What is more, Blackstone’s offer to Dell shareholders of the option to maintain stakes in the company and profit from any upside is likely to be viewed positively by the special committee set up to assess the offers, according to two people familiar with the matter.
The outcome of the auction would determine the future of Dell, which was regarded as a model of innovation as recently as the early 2000s but has struggled to make up for declining market share in the global PC market.
A source familiar with the matter said last week that Dell had slashed its internal forecast for fiscal 2013 operating profit to about $3 billion, down sharply from the $3.7 billion it had predicted previously.
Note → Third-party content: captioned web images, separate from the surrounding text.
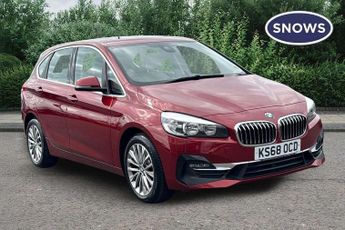 BMW 220 220i Luxury 5dr DCT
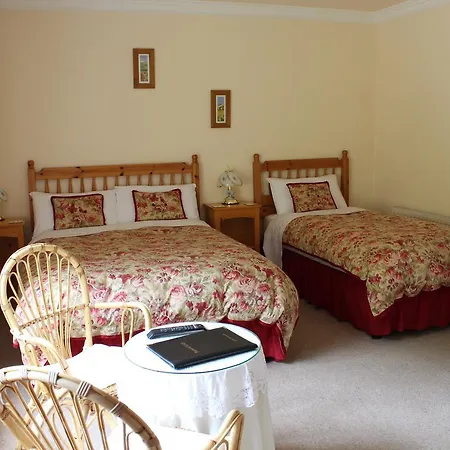 Bed & Breakfast Pinewood Laragh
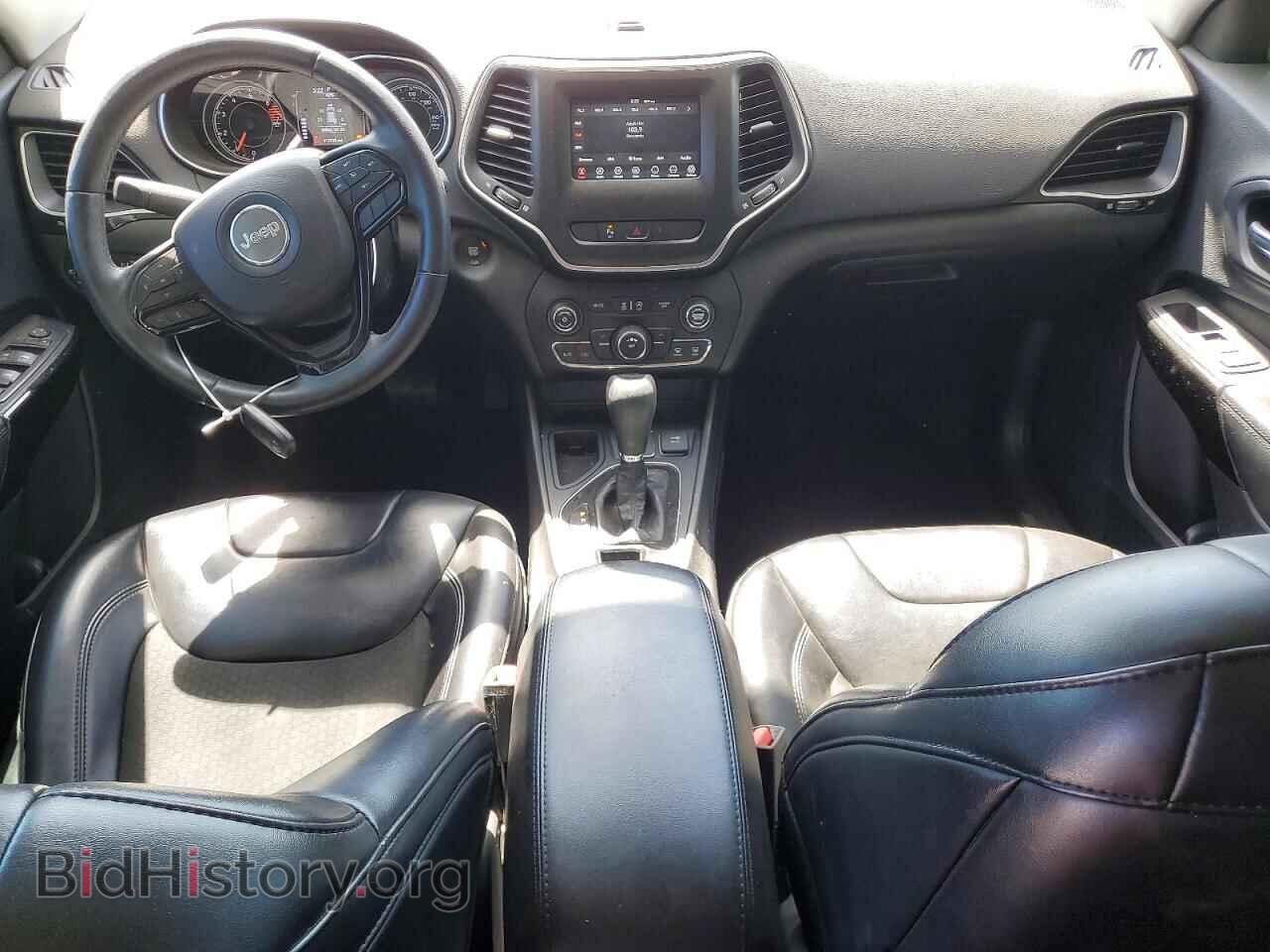 2019 JEEP CHEROKEE - VIN: 1C4PJLLBXKD479064 - Фото 8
Dell’s shares closed up 2.6 percent at $14.51 on Monday, indicating investors expect a deal to be done at a price higher than the Silver Lake bid. Earlier in the session they touched $14.64, the stock’s highest level in 10 months.
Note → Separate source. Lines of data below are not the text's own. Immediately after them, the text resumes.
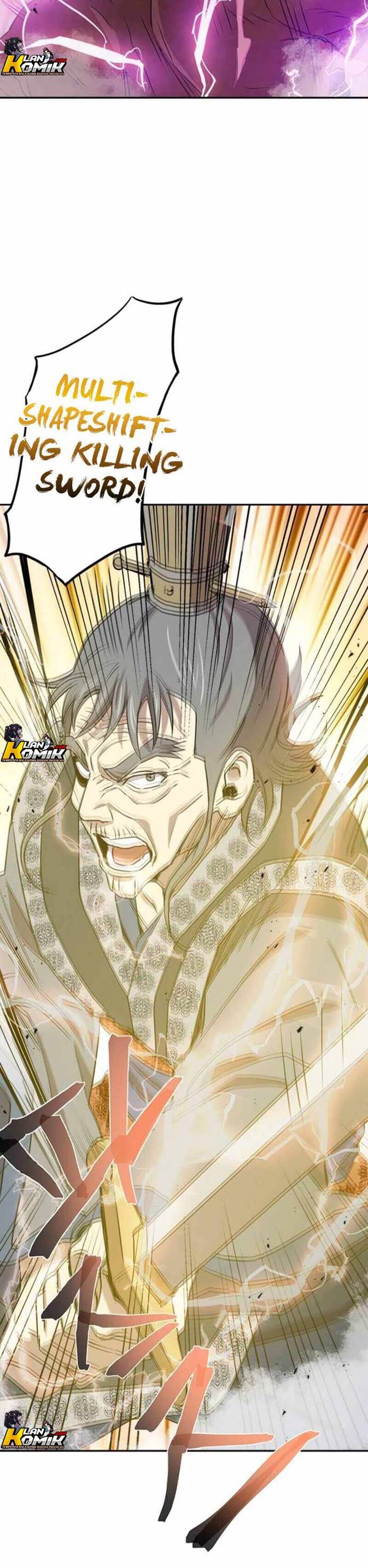 Strongest Fighter Chapter 30 Gambar 16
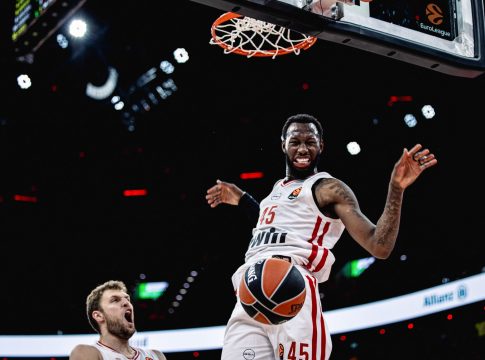 Ολυμπιακός – Μονακό: Σε ποιο κανάλι παίζει και τι ώρα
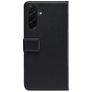 Mobilize Classic Gelly Wallet Samsung Galaxy A57 Funda tipo libro Cartera - Negro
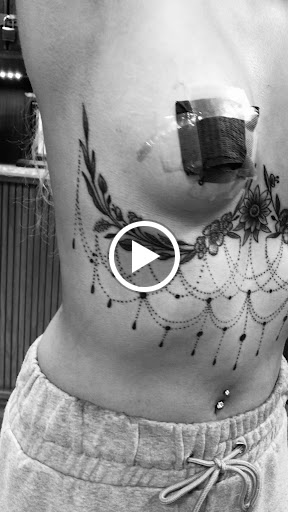 Explore tattoo ideas for women back, creative tattoo ideas in Albuquerque, available at Albuquerque Ink tattoo College Plaza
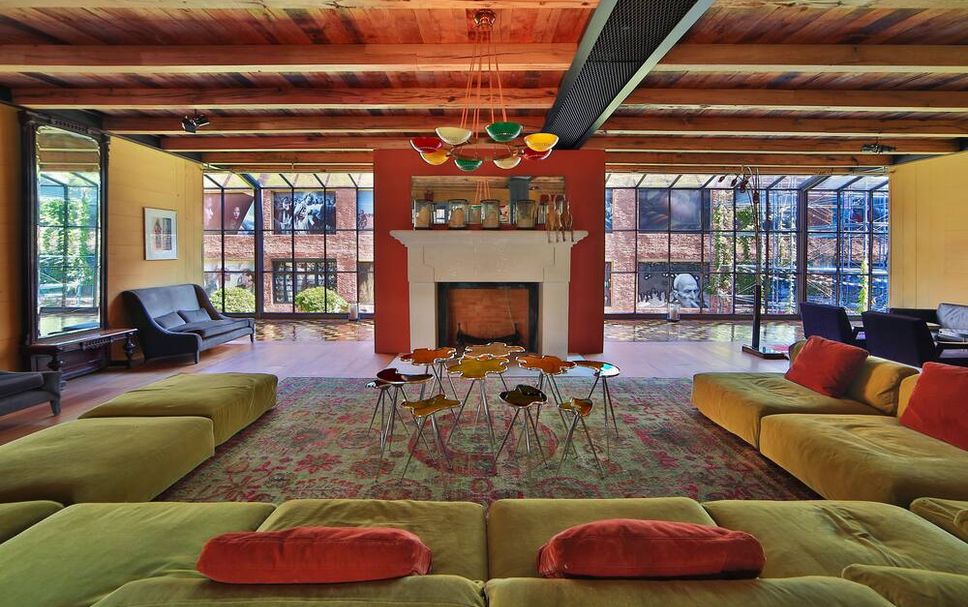 Area lounge Foto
“We continue to believe a higher bid than the current $13.65 per share offer will likely be offered but, based on our assumptions, a $15 per share bid may be a threshold,” Wells Fargo Securities analyst Maynard Um said in a note.
“We believe a higher Silver Lake/Dell bid might still be a more attractive and strategic option, assuming information regarding the public stub and financial services sale is accurate,” he said.
Late on Sunday, two sources close to the matter said that the Silver Lake group had no plans yet to increase or amend its offer until Dell’s special committee comes out with a ruling on the rival proposals.
As part of his deal with the special committee of Dell’s board that is running the auction process, Michael Dell has to explore the possibility of working with third parties on alternative offers. On Monday, Dell said he had reaffirmed that commitment.
Still, Michael Dell is very concerned that Blackstone’s offer would dismantle the PC maker he founded in 1984, two people close to Michael Dell said. The founder is worried that the buyout firm’s plans would be inconsistent with his strategy to reinvest in the company, the sources said.
Michael Dell is planning to meet with Blackstone to discuss the private equity firm’s bid, two other sources familiar with the situation said.
Blackstone made no mention of asset sales in its preliminary offer. But people familiar with the matter have told Reuters that Blackstone has considered a potential sale of Dell’s financial services business as part of its turnaround plan.
Michael Dell’s role also remains unclear in a Blackstone-led deal. The buyout firm has already made an unsuccessful push to recruit Oracle Corp President Mark Hurd to run Dell if it takes over the company, one source familiar with the situation said last week.
A number of issues remain to be addressed, a separate person familiar with the matter said on Monday of Michael Dell. Among them, what Michael Dell would do if a buyer wanted to sell a business and he did not, the source said.
Potential buyers are likely to want to sit down with Michael Dell to discuss his plans for a privately held Dell Inc in more detail, the source said, adding that Blackstone had not done so yet.
Switching bidding allegiances could preserve an affiliation with the company for Michael Dell, who founded the technology giant at the age of 19 with just $1,000.
Under the Silver Lake deal, he planned to contribute his roughly 16 percent share of Dell’s equity, along with cash from his investment firm MSD Capital, and remain CEO of the company. Silver Lake is putting up $1.4 billion.